In her examination room, Warman demonstrates the peak flow meter, a tool shaped like a phaser from Star Trek. She takes a heaving breath and blows into it, making the needle jump up like the strength-testing bell at a carnival. If the needle jumps above a green arrow, the child is breathing normally. If it lands between the green and red arrows, the patient is having an asthma attack and the parent should work through the at-home treatment plan. If the needle does not make it to the red arrow, the child is sick enough to go immediately to the emergency room.

Most at-home treatment involves an inhaler with aerosol holding chamber. The patient shouldn't put the inhaler directly in his mouth, Warman says, "because it will just sit on the tongue like a Binaca blast." Instead, the inhaler pumps the medicine into a plastic chamber, where it mixes with air. The child inhales the medicating mist through a kid-size breathing mask.

Following the rules is second nature for some parents of her own patients, Warman says.

"The phone could ring in here any minute," she says, laughing. "Somehow, they know how to find me." Others find the guidelines more confusing and don't keep Warman informed. "The mother will say, 'Oh, by the way, he was in the emergency room last month,'" she says.

The Pediatrics survey found that, in the Bronx, awareness of how to take these precautions correctly is quite low. Only 30 percent of families in the sample had a peak flow meter in the house, and only one of the 220 caretakers questioned knew to use it as the first step in case of an attack. While 51 percent reported having a written plan to follow in case of an attack, none of the caretakers said they actually referred to it.

"In the inner city, implementation of the guidelines is particularly difficult," the study says. "Asthma teaching takes time and is difficult to accomplish in a busy clinic setting."

A recent Family Health Day held at the Mosholu Montefiore Community Center in Norwood is one innovation used by Montefiore and other area medical providers to educate area parents outside the hectic doctor's office. Parent participants expressed an eagerness to learn more about treating asthma correctly in the home.

"The peak-flow meter, which I know my older daughter's not using," said Kathryn Tracey, who has asthma herself, when asked what she had learned from a demonstration by Dr. Scott Schroeder. "It sounds like she probably should be using it."

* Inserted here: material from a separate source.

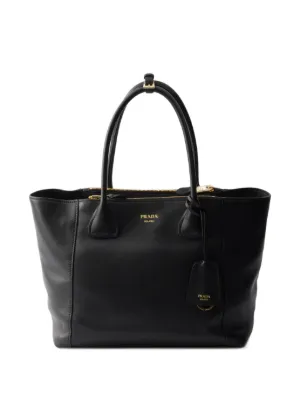 Prada Bonnie extra-large Leather Handbag | Black | FARFETCH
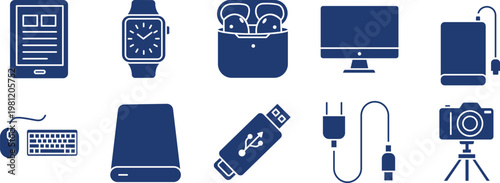 Technology electronic devices and gadgets accessories solid icon set. Flat glyph symbols for computer, mobile, digital photography, and storage. Dark blue silhouettes for commercial use.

"I learned new things," said mom Valentine Sanchez. "Better ways to take care of your own children, and prevent [them] from having an asthma attack."

In response to the perceived lapse in the facts, Warman and her colleagues are testing a new educational brochure, the Asthma Passport Program, which is based on the same intuitive red-light, green-light idea as the peak flow meter.

"It's already reducing hospitalizations for children, increasing use of equipment, and increasing [parents'] partnerships with doctors," Warman says.

Jules Rubenstein contributed to this story.